# Should I buy Brooks Brothers Captoes or Allen Edmonds?



## OrsonWelles00 (Mar 3, 2013)

I'm sorry if this has been posted before, I tried to search but couldn't find anything. I'm just curious since the credit card has an offer of $40 off a $250 purchase and I wanted to get new shoes anyhow. Are the brooks brothers shoes still made by allen edmonds? Is one better quality than the other? Is there any reason I should want the rubber soles of Brooks Brothers over the full leather soles of Allen Edmonds? I've only been debating since I have that offer through my credit card otherwise I was going to go with regular allen edmonds but now that they're the same price or cheaper than the allen edmonds, I'm not sure what to get. Any opinions? Thanks guys!

Edit: For reference I was talking about these:
https://www.brooksbrothers.com/Perf...ar_MH00024_Color=BLCK&contentpos=10&cgid=0522

But they also have a listing that says allen edmonds so maybe it's another manufacturer for the other listing? They're the same price so doesn't matter too much.


----------



## Dmontez (Dec 6, 2012)

I purchased the Brooks Brothers fifth avenue last month in both black, and brown, and I am thoroughly enjoying them. I like the dovetail heel, and don't so much like the rubber half sole, but I plan on having it replaced with a full leather sole when it is time to recraft them. 

I did get them as second quality shoes through the shoe bank and paid 129.00 each though.
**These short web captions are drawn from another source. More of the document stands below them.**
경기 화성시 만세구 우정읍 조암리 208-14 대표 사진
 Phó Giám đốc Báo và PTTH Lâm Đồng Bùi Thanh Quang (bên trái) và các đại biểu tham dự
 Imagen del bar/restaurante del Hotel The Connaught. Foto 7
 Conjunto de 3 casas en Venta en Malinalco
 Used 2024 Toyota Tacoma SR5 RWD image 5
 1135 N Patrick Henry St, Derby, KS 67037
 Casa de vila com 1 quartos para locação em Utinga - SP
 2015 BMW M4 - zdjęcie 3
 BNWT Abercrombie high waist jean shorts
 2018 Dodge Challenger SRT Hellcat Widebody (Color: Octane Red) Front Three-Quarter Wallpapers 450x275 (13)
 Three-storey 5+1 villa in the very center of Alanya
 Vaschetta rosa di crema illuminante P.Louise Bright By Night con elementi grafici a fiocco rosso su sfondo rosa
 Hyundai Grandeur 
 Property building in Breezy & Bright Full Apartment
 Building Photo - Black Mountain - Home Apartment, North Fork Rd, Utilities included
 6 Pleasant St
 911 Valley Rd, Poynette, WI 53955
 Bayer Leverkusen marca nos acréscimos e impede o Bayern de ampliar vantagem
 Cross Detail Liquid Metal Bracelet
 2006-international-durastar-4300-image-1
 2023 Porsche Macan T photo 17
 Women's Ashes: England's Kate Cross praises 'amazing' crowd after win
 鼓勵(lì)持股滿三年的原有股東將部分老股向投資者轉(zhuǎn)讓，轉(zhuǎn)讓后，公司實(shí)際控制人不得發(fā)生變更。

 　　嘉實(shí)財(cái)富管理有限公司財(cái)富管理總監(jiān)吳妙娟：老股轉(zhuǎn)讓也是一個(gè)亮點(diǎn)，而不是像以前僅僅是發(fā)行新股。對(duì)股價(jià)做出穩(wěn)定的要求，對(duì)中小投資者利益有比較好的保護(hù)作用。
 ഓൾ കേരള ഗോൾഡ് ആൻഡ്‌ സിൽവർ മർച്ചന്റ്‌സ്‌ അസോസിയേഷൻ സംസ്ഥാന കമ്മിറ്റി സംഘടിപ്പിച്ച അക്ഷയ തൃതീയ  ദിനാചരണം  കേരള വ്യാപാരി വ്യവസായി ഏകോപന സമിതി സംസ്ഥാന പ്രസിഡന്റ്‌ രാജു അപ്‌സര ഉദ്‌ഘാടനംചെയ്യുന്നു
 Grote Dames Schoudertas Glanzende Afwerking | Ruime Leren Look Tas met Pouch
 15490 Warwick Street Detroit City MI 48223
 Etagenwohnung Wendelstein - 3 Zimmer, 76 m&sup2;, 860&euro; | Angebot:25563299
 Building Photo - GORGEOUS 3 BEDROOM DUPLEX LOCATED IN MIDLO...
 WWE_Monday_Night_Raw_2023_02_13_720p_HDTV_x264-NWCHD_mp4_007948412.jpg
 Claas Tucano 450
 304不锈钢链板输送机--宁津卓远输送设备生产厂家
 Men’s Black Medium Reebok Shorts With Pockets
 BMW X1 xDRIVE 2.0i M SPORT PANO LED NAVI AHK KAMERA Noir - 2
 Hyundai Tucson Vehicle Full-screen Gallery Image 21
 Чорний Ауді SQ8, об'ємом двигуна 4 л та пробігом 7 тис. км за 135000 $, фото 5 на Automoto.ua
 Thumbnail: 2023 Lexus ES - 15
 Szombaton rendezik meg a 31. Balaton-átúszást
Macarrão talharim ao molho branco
The brooks brothers version also has the poron insole which is just a bit padded over the AE branded ones. Overall I would suggest the Brooks version, especially if you get a better price on them then the AE branded ones.


----------



## OrsonWelles00 (Mar 3, 2013)

Dmontez said:


> I purchased the Brooks Brothers fifth avenue last month in both black, and brown, and I am thoroughly enjoying them. I like the dovetail heel, and don't so much like the rubber half sole, but I plan on having it replaced with a full leather sole when it is time to recraft them.
> 
> I did get them as second quality shoes through the shoe bank and paid 129.00 each though. The brooks brothers version also has the poron insole which is just a bit padded over the AE branded ones. Overall I would suggest the Brooks version, especially if you get a better price on them then the AE branded ones.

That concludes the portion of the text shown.